Monday, March 7, 2011


Cincinnati finished up the regular season by pounding Georgetown (for the second time this season) 69-47 on Saturday. The win brought Cincinnati’s record to 24-7, and 11-7 in the Big East (tied for sixth with West Virginia). Cincinnati is currently ranked 17th by Ken Pomeroy, fifth highest in the BE.

While the Bearcats non-conference schedule was very weak, their overall SOS was 64th (again, according to KenPom). Going 24-7 against the 64th ranked schedule in the country is certainly reason to be optimistic about where this team is right now, and where this program might be going in the future. Not a bad year.

Unlike the last couple of seasons, Cincinnati won’t have to sweat out selection Sunday, as they should be comfortably positioned regardless of the Big East tournament. As a little tribute to a tremendous season, here are Cincy’s best wins:

Opponent KenPom Rank Score
Seton Hall 56 70-53
Xavier 36 66-46
@St. Johns 31 53-51
Louisville 13 63-54
@Georgetown 28 58-46
@Marquette 34 67-60
Georgetown 28 69-47

I’m looking forward to post-season play!

Monday, January 24, 2011

Big win at St. Johns

Probably like you, I’ve been cautiously optimistic in following the Cincinnati Bearcats this year. Yes, they are 17-3, but their schedule hasn’t been great and, in past years, fast starts have culminated in ugly late-season performance. I do feel a little bit different about this team, though.

I mean, no, they aren’t a top ten team. They’ve shown so far that they aren’t quite good enough to beat the Syracuse’s, the Villanova’s, even the Notre Dame’s on the road. With that said, this Bearcats team has shown that they’re good enough to beat everyone they’re expected to beat (including the likes of Xavier, @St. Johns, Seton Hall, Dayton, @Oklahoma), which is no small feat.

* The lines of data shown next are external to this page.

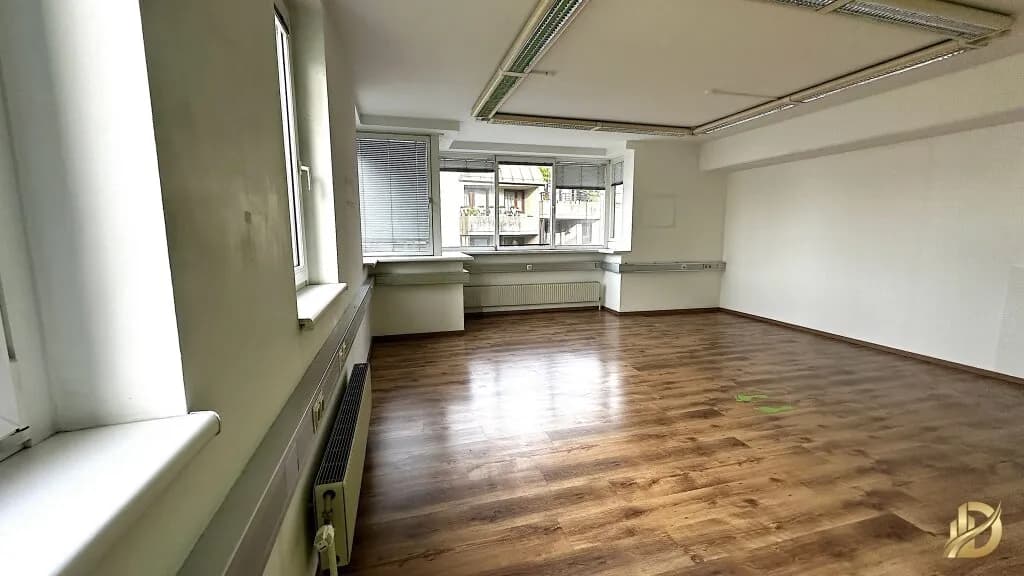 13-Zimmer-Gewerbeimmobilie mieten in Wien – 280 m², € 5.163 – Bild 12 von 28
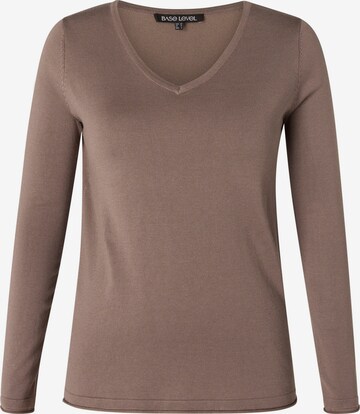 BASE LEVEL Sweater in Grey: front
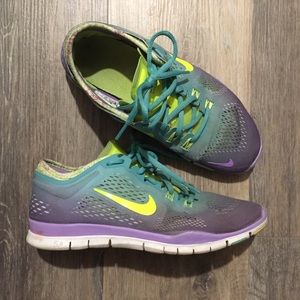 Nike 5.0 Tennis Running Shoes size 8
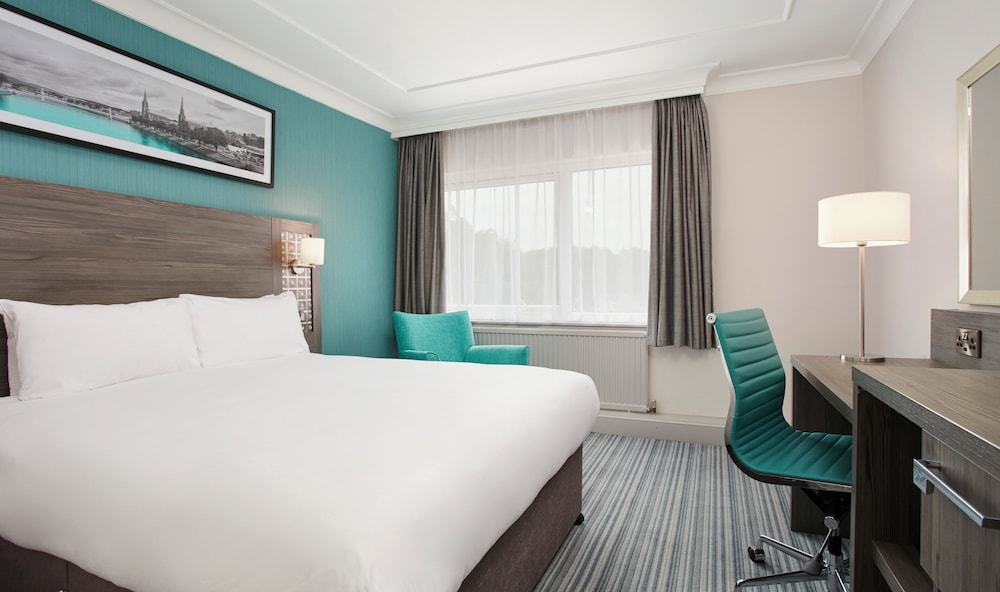

Palermo - Inverness - Leonardo Hotel Inverness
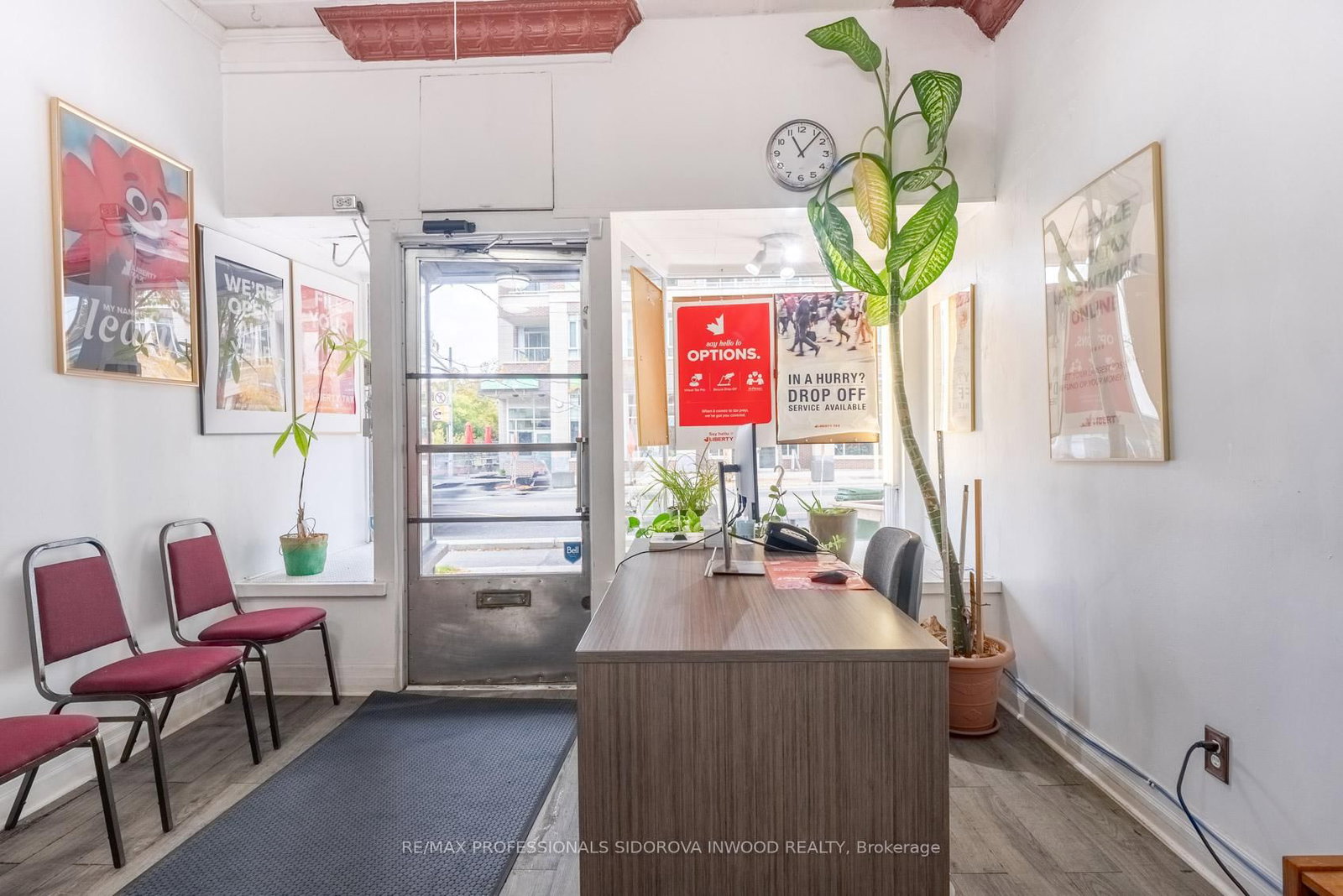 1665 Bloor Street W - Photo 6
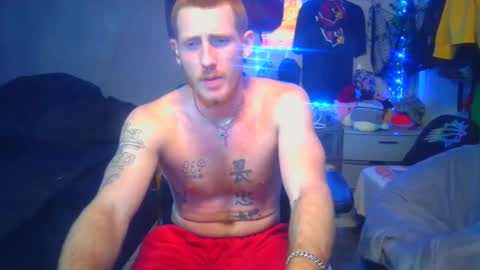 Snapshot of _redxxx chatting on December 19, 3:40 am REDxxx online show from December 19, 3:40 am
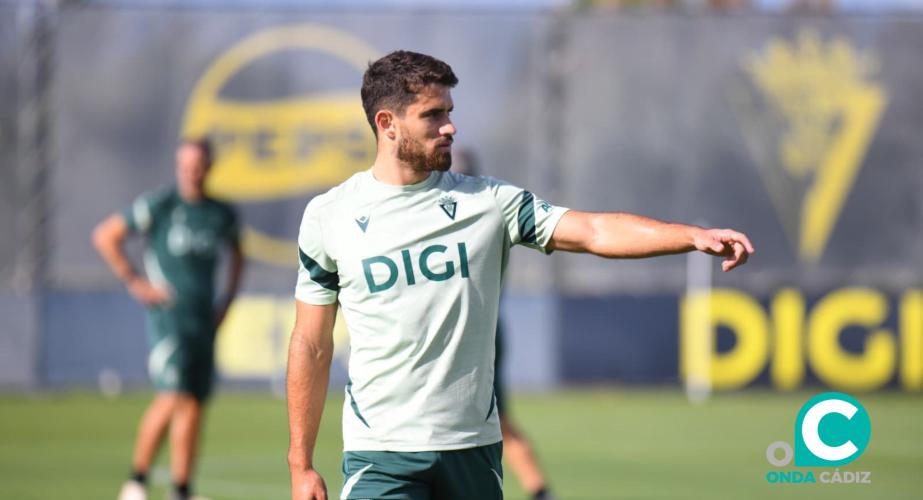 Alvaro García Pacual en un entrenamiento de esta semana (Foto: Cádiz CF)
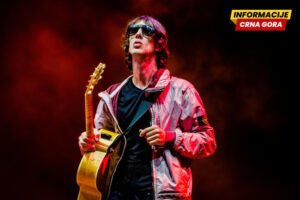 Eškroft razmišlja o okupljanju benda The Verve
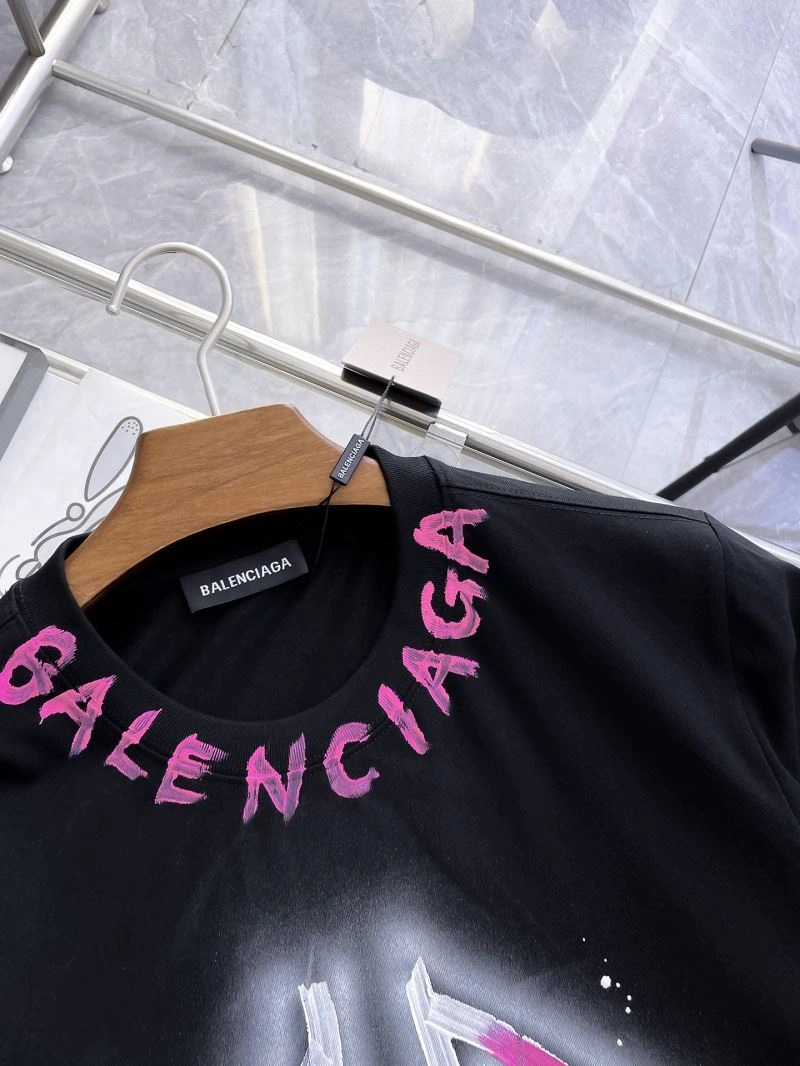 Sporty Balenciaga T-Shirts 97318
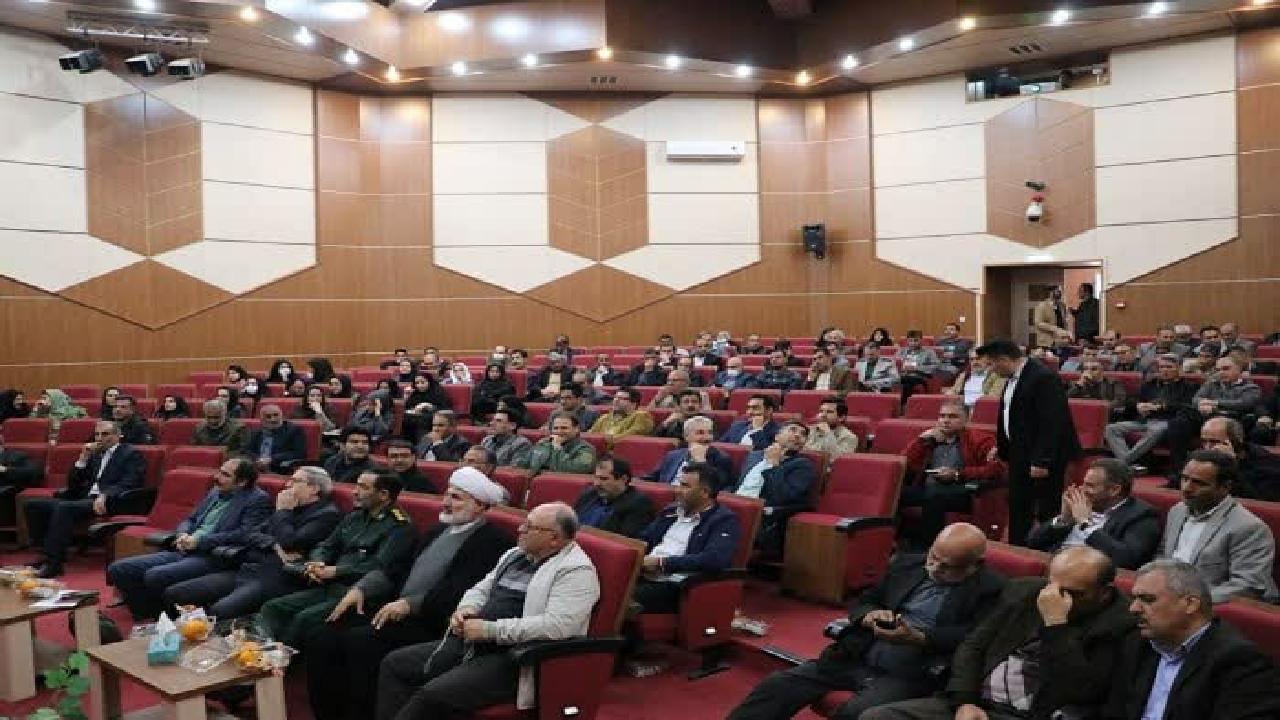 سوزاندن بقایای گیاهی عامل کمبود مواد آلی در خاک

St. Johns isn’t an elite team either, but winning in their building is still a quality road victory. The Red Storm have already beat Northwestern, Georgetown, and Notre Dame at home, not to mention West Virginia and Providence on the road.

Cincinnati seems to have some issues opening games (as well as after the halftime break), falling behind St. Johns early but taking a six point lead to the half, only to give it right back in the second half. It took a clutch three-point play from Yancy Gates to put the finishing touches on a narrow win.

The Cats won the game because they, like usual, played good, solid defense and outrebounded St. Johns. They got help on the line as well, as St. Johns shot a pathetic 12-26 on free throws. Outside of Gates, who had a nice second half after a non-existent first, Justin Jackson provided some quality play, scoring eight and grabbing six boards in 29 minutes.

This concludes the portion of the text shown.